Roy and Shirley Erskine, from Dunblane, said the letters had left them “upset”.
Their daughter Judy told them to bin the letters, which attacked the 29-year-old former Wimbledon champion’s behaviour on court and also criticised his accent.
Mrs Erskine, 84, told the Radio Times magazine: “We’ve had one or two nasty letters. One about Andy supposedly snarling on court, and another about his accent, saying he sounded American.
“Just comments like that, but they do upset you.
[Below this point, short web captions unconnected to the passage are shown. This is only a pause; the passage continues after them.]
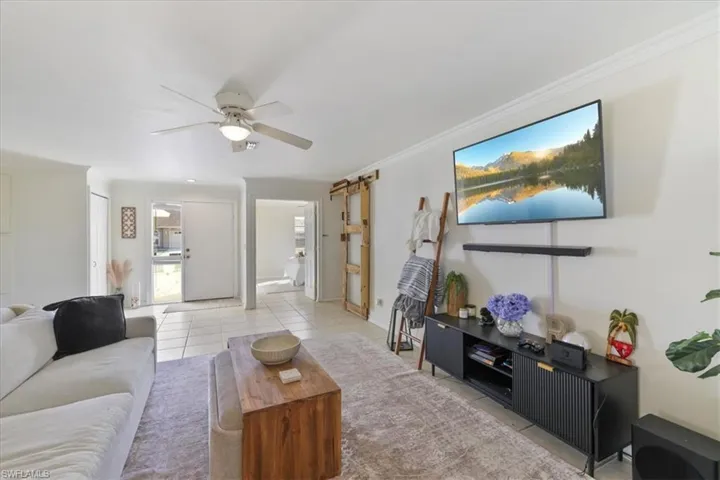 Living room, ceiling fan, ornamental molding, and light tile patterned floors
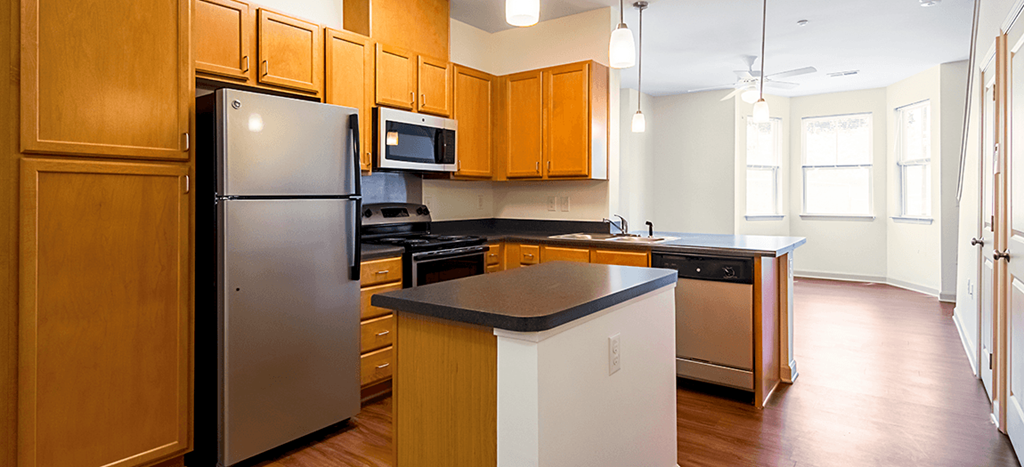 a kitchen with stainless steel appliances and wooden cabinets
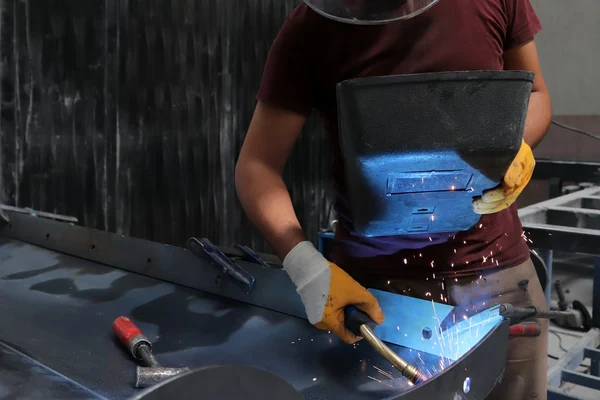 Sheet metal worker welding a custom metal enclosure in a fabrication workshop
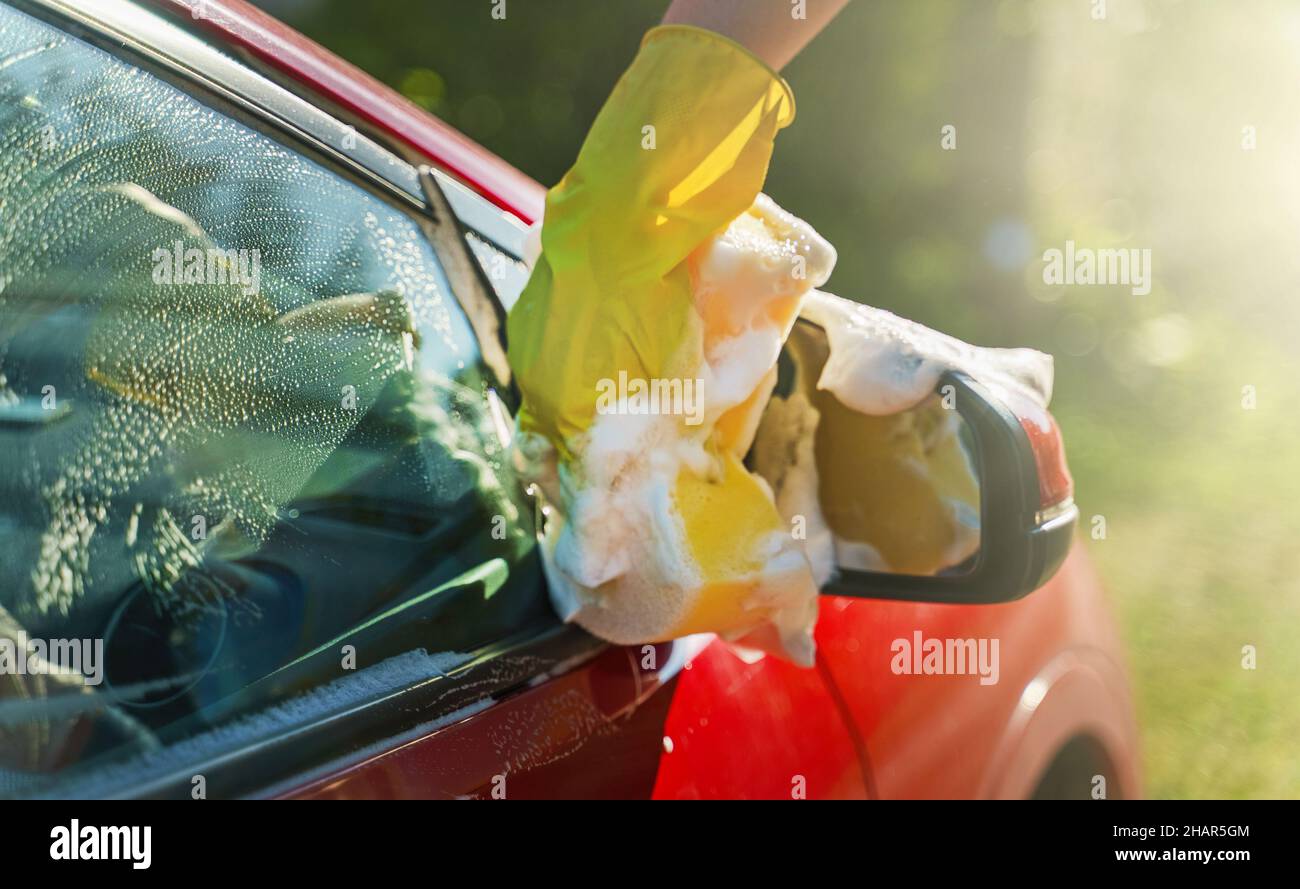 Donna in guanti lava lo specchietto retrovisore con spugna. Foto Stock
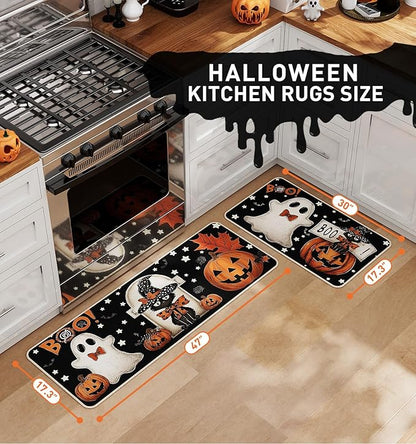 Halloween kitchen rug set on floor with ghost and jack-o'-lantern cartoon motifs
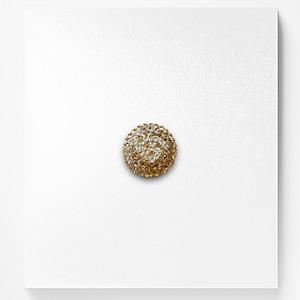 May include: A gold-toned round button with a raised design of clear and gold rhinestones.
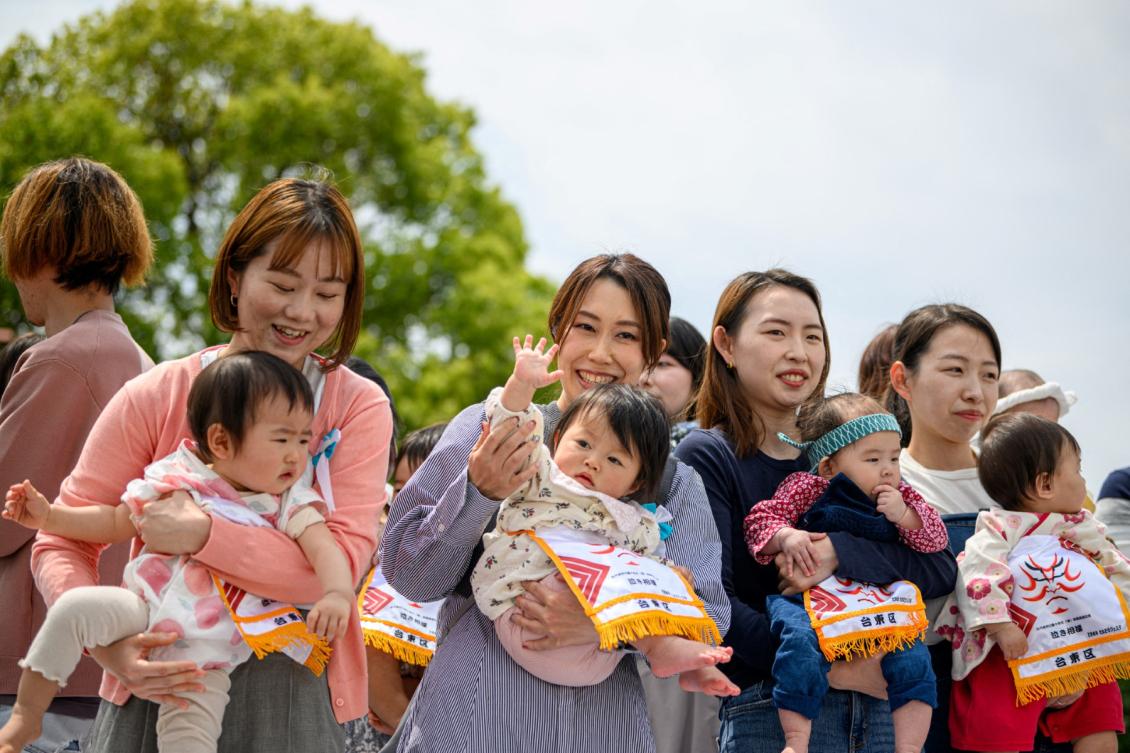 The Japanese government is striving to build a stronger economy to reduce the economic burden of childcare for working families. (AFP)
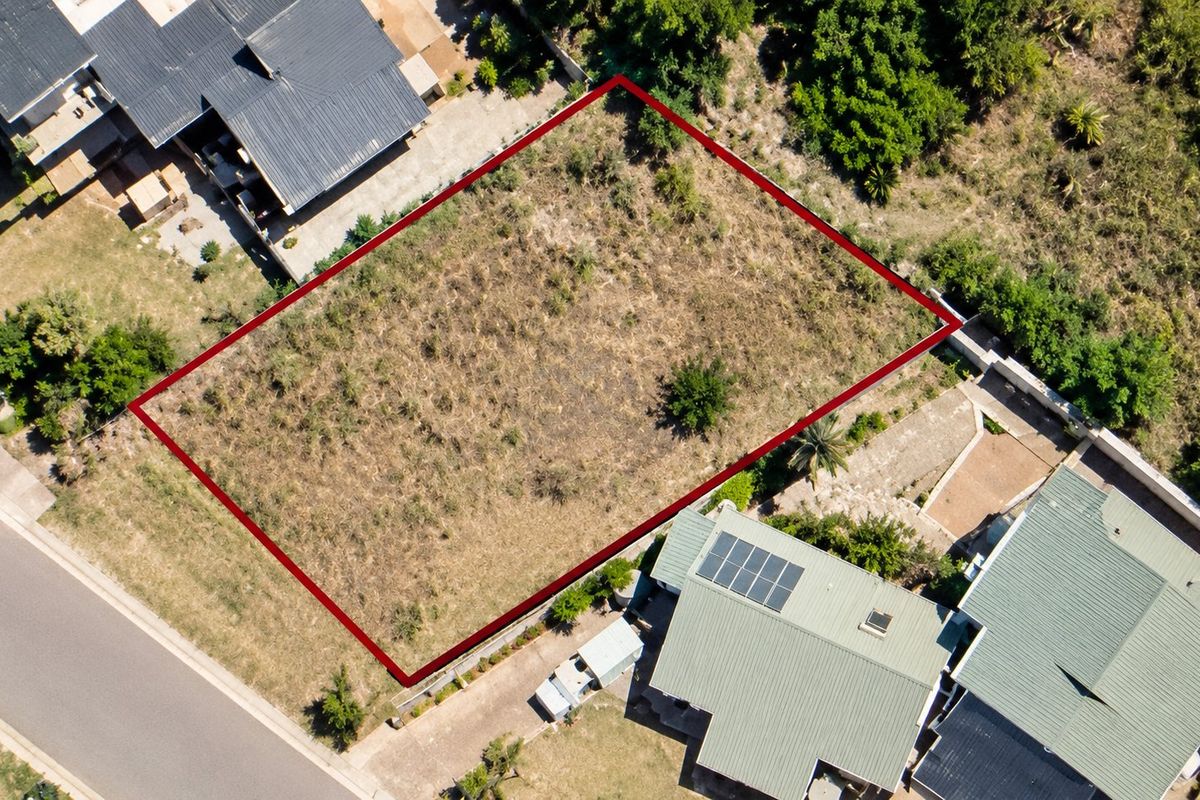 An aerial view of a vacant residential plot, clearly outlined in red, situated within an established neighborhood.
Judy would say, ‘Put it in the bin, just forget it’. She would tell me that there are always going to be people like that.”
Her husband, 82, said he finds it hard to deal with “very nasty” online comments about his grandson and daughter.
He said: “The people who write these comments, that’s their prerogative, but I find it upsetting.”
Mrs Erskine said some of the letters provide light relief, with one man writing to tell them he thinks Murray needs to eat more baked beans.
Her husband said he is one of the harshest critics of Murray’s performance on court and prefers to watch him on television than live as he struggles to contain his language.
He said: “If I’m at home I can kick the coffee table and use some language that I probably shouldn’t.”
The couple revealed that while they struggle to go to the shops in their home town as so many people stop to talk to them about their famous grandsons, Murray - who sealed a record fifth title at Queen’s on Sunday - managed to take a run round the town virtually unnoticed on Boxing Day.
He ran from his mother’s home in Bridge of Allan to nearby Dunblane, disguised in a beanie hat, and then visited the tennis courts where he watched a family game before being recognised.
Mrs Erskine said: “Andy went on court and hit with them. That must have been a lovely moment for those kids.”